It was a long time coming, but justice has been done.
— Jan Handzlik, attorney for the Lindsey defendants
Federal District Judge Howard Matz on Tuesday dismissed with prejudice the indictment against Lindsey Manufacturing, Keith Lindsey, and Steve K. Lee, ending the prosecution of one of the biggest FCPA cases ever.
The judge in Los Angeles said government misconduct ‘included providing false information to obtain a search warrant, making unauthorized searches, and providing incorrect testimony to a grand jury,’ according to Bloomberg’s report.
The Lindsey defendants and Lee were each convicted by a federal jury in May of conspiracy to violate the Foreign Corrupt Practices Act and five substantive FCPA offenses.
The government said they paid millions in bribes to Nestor Moreno, an official at the Mexican state-owned electric utility Comisión Federal de Electridad, in exchange for contracts.

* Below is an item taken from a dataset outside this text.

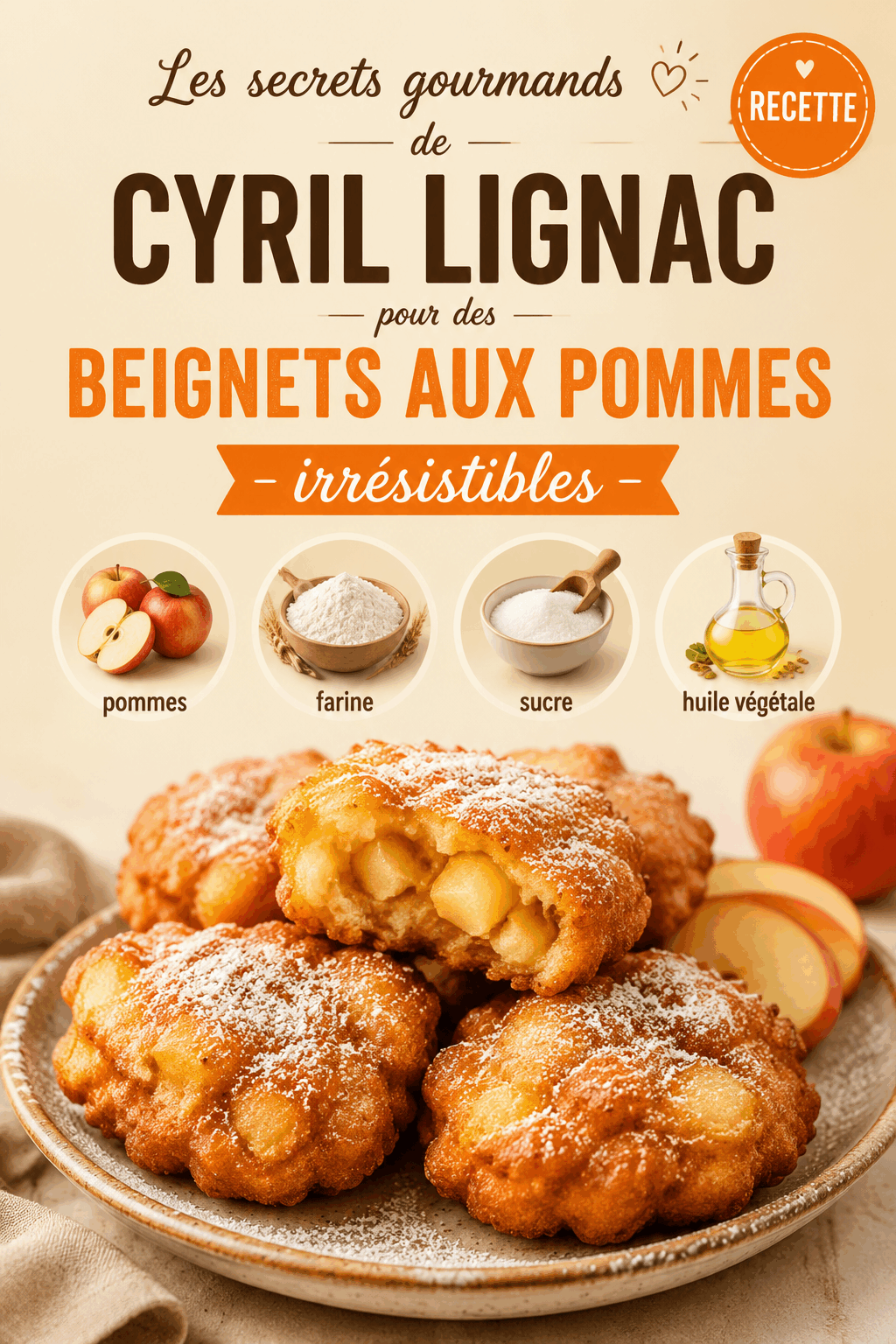 Les secrets gourmands de Cyril Lignac pour des beignets aux pommes irrésistibles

Following Tuesday’s hearing, Jan Handzlik told the FCPA Blog: “In the 38-page tentative order provided to the parties today, Judge Matz said the convictions should be thrown out and the indictment dismissed with prejudice. The judge told the parties he would make some revisions to the tentative order and enter the final order tomorrow.”

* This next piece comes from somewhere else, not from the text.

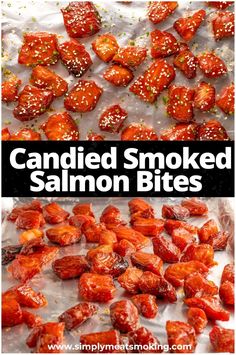 candied smoked salmon bites with sesame seeds on top and in the background, there is a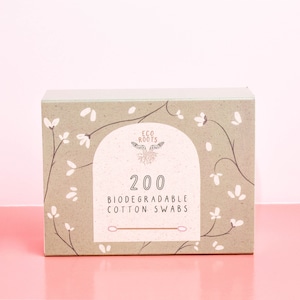 200 Biodegradable Cotton Swabs | Bamboo Swabs | Plastic-Free Buds | Zero-Waste Swabs | Q Tips | Compostable Swabs | Eco Friendly Ear Buds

A dismissal of the indictment with prejudice means the defendants cannot be tried again for the same offenses. If the judge’s final order is consistent with the tentative order, the government’s only option will be to appeal the dismissal to the Ninth Circuit Court of Appeals.
Another defendant in the case, Angela Aguilar, a Mexican citizen, was convicted of conspiracy to launder money. Her husband, Enrique Faustino Aguilar Noriega, of Cuernavaca, Mexico, was charged in a seven-count indictment with conspiracy to violate the Foreign Corrupt Practices Act, four substantive FCPA violations, money laundering conspiracy, and money laundering. He’s a fugitive in Mexico.
After her conviction, Aguilar accepted a sentencing deal with the DOJ. It called for time served (about nine months in custody without bail since her arrest in Houston), a probationary sentence, immediate release from prison and return to Mexico, and no fine, but she agreed not to contest the government’s seizure of about $3 million in family assets.
The Lindsey and Lee defendants had argued that prosecutors ‘engaged in a course of misconduct that was both flagrant and prejudicial.’
In July, Lindsey defense counsel Handzlik told us: “Individually, several of these transgressions [by the prosecutors] would justify dismissal. Considered on a cumulative basis, however, the unfairly prejudicial impact of this conduct was extraordinarily damaging.”
Judge A. Howard Matz presided over the case — U.S. v. Noriega et al, U.S. District Court, Central District of California (Western Division – Los Angeles), Case #: 2:10-cr-01031-AHM-4.